Turn Your Dining Room Into A Waldorf Astoria Suite On The Cheap
If you ever looked around your dining room and thought, "This place could stand to look more like a luxury hotel," you're in luck. The storied Waldorf Astoria hotel in New York City recently underwent a $1 billion renovation, and it's now auctioning off many thousands of the iconic pieces that furnished the rooms of everyone from Cole Porter to Winston Churchill. Plus some less interesting pieces, like TVs and lampshades from the more run-of-the-mill suites. But hey, a used Phillips flatscreen is still cheaper than new!
The auction has already opened for online bidding, and the live auction will kick off on October 17. According to the New York Post, the items filled 88 tractor trailers and took months of cataloguing, hence why the auction is opening nearly a year after the Waldorf Astoria reopened its doors after a lengthy renovation.
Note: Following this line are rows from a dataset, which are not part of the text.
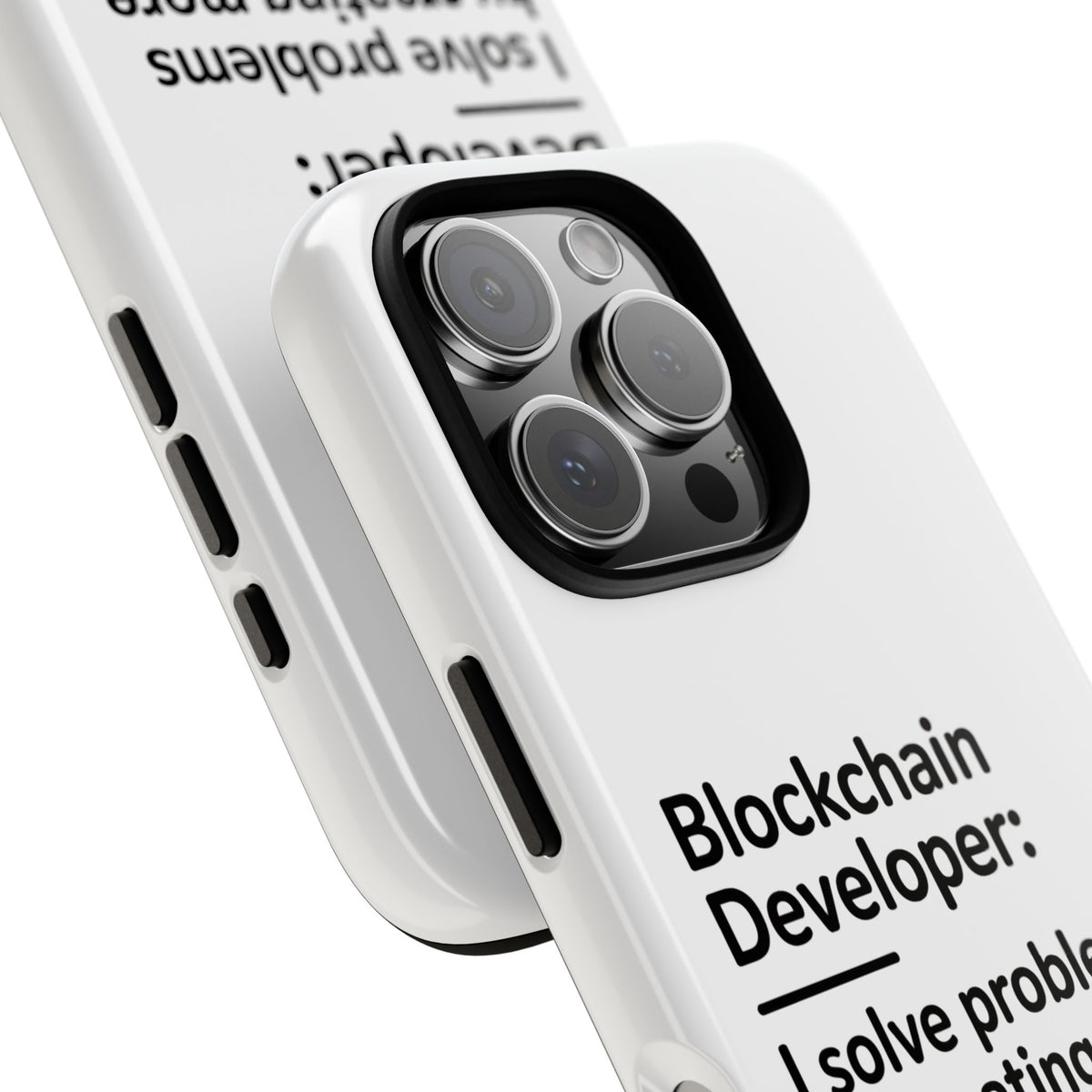 Blockchain Developer, I Solve Problems by Creating More Phone Case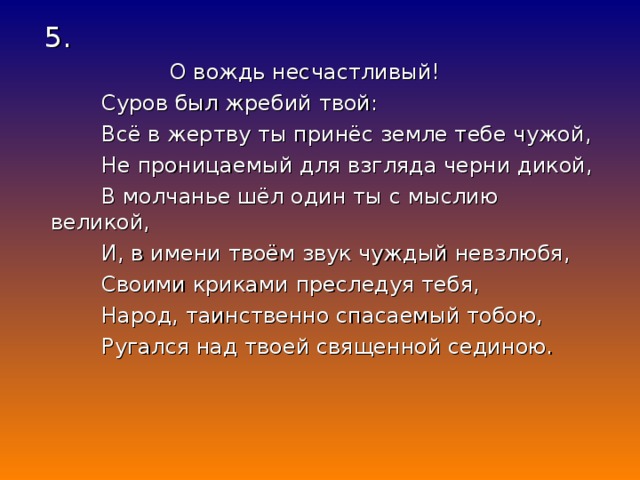 5.  О вождь несчастливый!  Суров был жребий твой:  Всё в жертву ты принёс земле тебе чужой,  Не проницаемый для взгляда черни дикой,  В молчанье шёл один ты с мыслию великой,  И, в имени твоём звук чуждый невзлюбя,  Своими криками преследуя тебя,  Народ, таинственно спасаемый тобою,  Ругался над твоей священной сединою.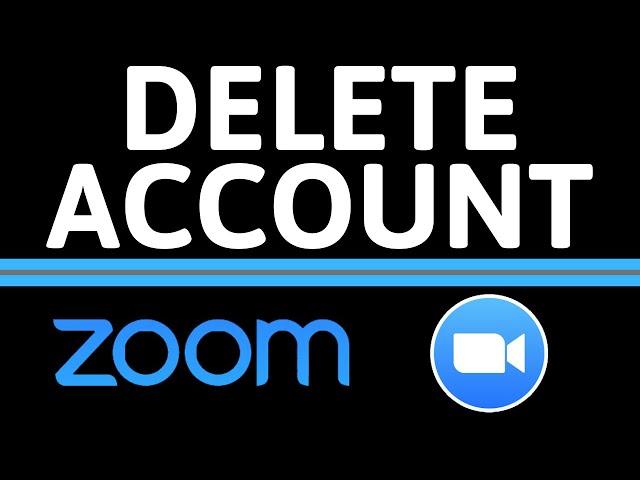 How to Delete a Zoom Account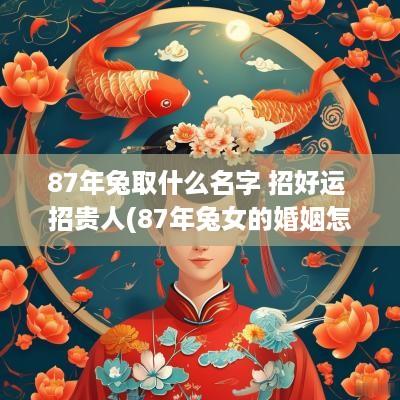 87年兔取什么名字 招好运 招贵人(87年兔女的婚姻怎么样)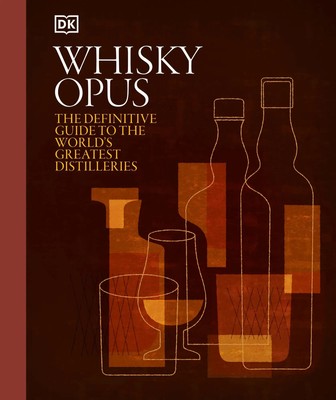 Whisky Opus | The Definitive Guide to the World's Greatest Whisky Distilleries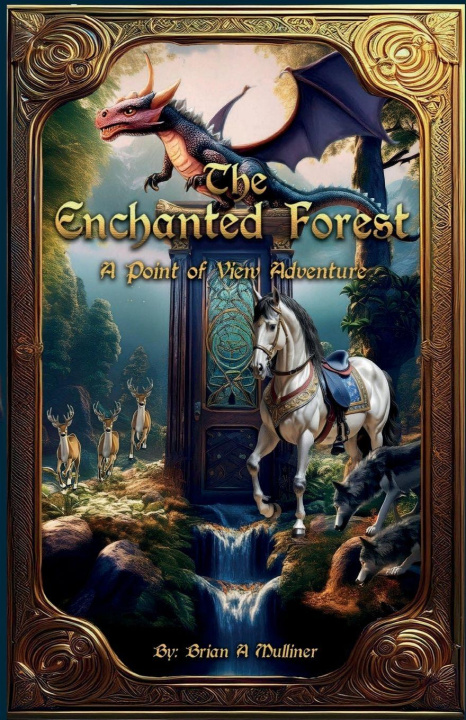 Kniha The Enchanted Forest Brian A Mulliner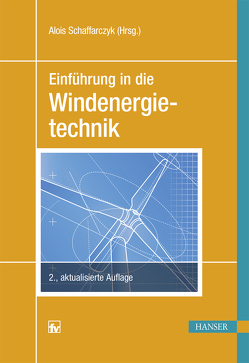 Einführung in die Windenergietechnik von Schaffarczyk,  Alois P.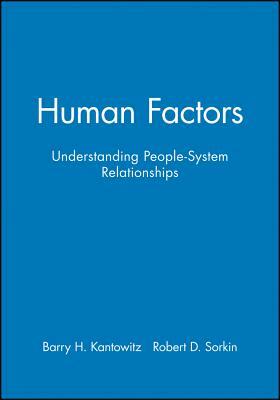 Human Factors, Workbook: Understanding People-System Relationships by Robert D. Sorkin, Barry H. Kantowitz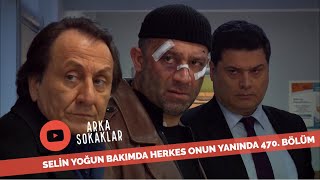 Selin Yoğun Bakımda Herkes Yanında 470. Bölüm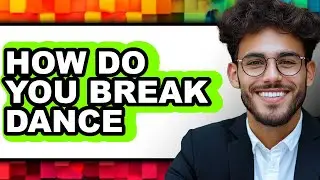 How Do You Break Dance (Easy Method)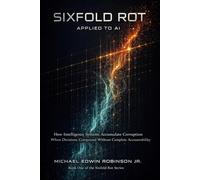 Sixfold Rot: Applied To Ai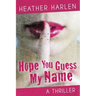 Hope You Guess My Name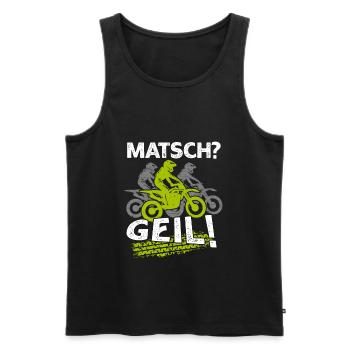 Matsch Geil Motocross Motocrossfahrer Dreckig - Männer Premium Bio Tank Top - Schwarz - Vorne - Michal (187cm)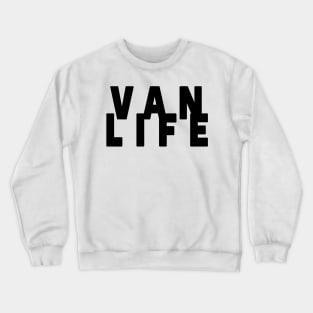 Van Life - Van Dweller Crewneck Sweatshirt
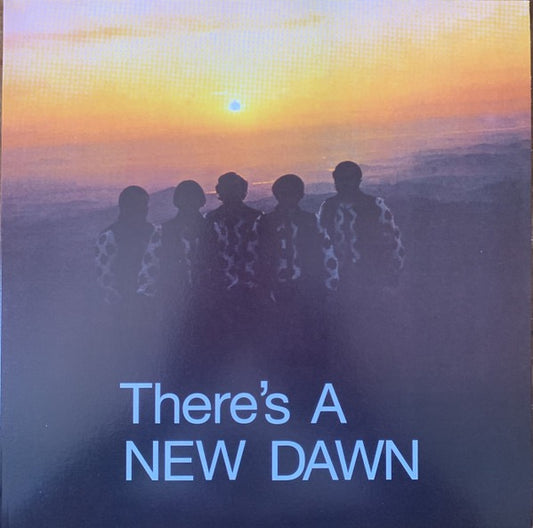 The New Dawn – There's A New Dawn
The lots can be viewed here; most of the items look pretty much like hotel furniture, and it's unlikely that you'd want them decorating your house except to say that you own a piece of posh history. But some of the dishware is really special; the Post points to a tea set used by the Duke and Duchess of Windsor in the 1940s, valued at $800-$1,200. Haven't you always wanted to serve high tea to your honored guests?
Some items have opened for bidding at relatively affordable prices, such as this lot of seven dinner plates from the Cole Porter suite (a 6,000-square-foot apartment where, the Post notes, Porter lived for 30 years from 1934-1964). The minimum bid is $35, and the auction house's estimate for the lot is $100-200. Or maybe you want to outfit your dining room with some stately seating, in which case we highly recommend these Louis XV style carved dining chairs from the Douglas MacArthur suite—yours for approximately $700. (Imposing, to say the least.)
If you want any historically significant cookware, though, you're probably out of luck, since it's unlikely that these esteemed guests did much of their own meal prep.